Brief descriptive captions
══════════════════════════════
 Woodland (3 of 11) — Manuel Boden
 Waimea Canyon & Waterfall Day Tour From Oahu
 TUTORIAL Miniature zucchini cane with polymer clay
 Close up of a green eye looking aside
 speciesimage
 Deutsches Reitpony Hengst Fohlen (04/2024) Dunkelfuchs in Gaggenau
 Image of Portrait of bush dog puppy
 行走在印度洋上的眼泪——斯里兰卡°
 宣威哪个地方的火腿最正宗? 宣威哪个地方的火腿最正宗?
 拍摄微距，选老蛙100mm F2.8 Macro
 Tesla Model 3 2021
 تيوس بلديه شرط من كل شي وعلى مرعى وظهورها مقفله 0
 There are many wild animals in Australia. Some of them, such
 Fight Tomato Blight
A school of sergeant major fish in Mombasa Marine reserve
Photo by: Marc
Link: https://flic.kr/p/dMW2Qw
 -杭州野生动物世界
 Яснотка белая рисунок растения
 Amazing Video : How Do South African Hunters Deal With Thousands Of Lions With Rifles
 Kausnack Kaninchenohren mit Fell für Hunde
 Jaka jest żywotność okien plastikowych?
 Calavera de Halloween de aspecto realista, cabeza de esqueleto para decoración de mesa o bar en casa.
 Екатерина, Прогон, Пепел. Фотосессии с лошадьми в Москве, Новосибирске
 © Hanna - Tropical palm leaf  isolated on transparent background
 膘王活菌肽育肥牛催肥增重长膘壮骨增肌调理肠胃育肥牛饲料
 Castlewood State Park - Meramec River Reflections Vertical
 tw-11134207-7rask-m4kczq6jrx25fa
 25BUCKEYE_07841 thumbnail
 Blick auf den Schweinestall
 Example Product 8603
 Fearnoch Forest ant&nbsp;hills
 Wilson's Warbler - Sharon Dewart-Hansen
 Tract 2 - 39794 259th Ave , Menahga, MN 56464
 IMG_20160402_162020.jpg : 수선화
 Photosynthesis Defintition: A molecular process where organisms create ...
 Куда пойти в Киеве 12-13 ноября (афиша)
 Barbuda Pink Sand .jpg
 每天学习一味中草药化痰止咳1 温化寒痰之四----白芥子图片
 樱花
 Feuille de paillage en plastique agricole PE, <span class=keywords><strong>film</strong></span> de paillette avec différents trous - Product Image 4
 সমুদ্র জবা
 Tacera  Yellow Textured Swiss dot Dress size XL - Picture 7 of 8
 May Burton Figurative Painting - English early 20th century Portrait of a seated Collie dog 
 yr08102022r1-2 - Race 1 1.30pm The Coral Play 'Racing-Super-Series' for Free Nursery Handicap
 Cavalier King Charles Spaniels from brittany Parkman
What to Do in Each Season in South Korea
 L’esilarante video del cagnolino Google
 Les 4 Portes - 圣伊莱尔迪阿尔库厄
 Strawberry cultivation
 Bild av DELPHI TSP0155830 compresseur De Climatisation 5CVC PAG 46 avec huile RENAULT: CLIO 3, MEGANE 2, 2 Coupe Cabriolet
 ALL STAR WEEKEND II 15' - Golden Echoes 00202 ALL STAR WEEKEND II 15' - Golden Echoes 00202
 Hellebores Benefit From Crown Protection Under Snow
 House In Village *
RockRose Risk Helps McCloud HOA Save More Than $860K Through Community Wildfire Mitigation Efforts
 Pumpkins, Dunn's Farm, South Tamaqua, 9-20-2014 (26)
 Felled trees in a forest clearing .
══════════════════════════════
◆ Your goal: From the line that has "Image of Portrait of bush dog puppy" through the line that has "Jaka jest żywotność okien plastikowych?", copy every line exactly as it appears above, and leave out all others.

◆ Result for this exercise:
 Image of Portrait of bush dog puppy
 行走在印度洋上的眼泪——斯里兰卡°
 宣威哪个地方的火腿最正宗? 宣威哪个地方的火腿最正宗?
 拍摄微距，选老蛙100mm F2.8 Macro
 Tesla Model 3 2021
 تيوس بلديه شرط من كل شي وعلى مرعى وظهورها مقفله 0
 There are many wild animals in Australia. Some of them, such
 Fight Tomato Blight
A school of sergeant major fish in Mombasa Marine reserve
Photo by: Marc
Link: https://flic.kr/p/dMW2Qw
 -杭州野生动物世界
 Яснотка белая рисунок растения
 Amazing Video : How Do South African Hunters Deal With Thousands Of Lions With Rifles
 Kausnack Kaninchenohren mit Fell für Hunde
 Jaka jest żywotność okien plastikowych?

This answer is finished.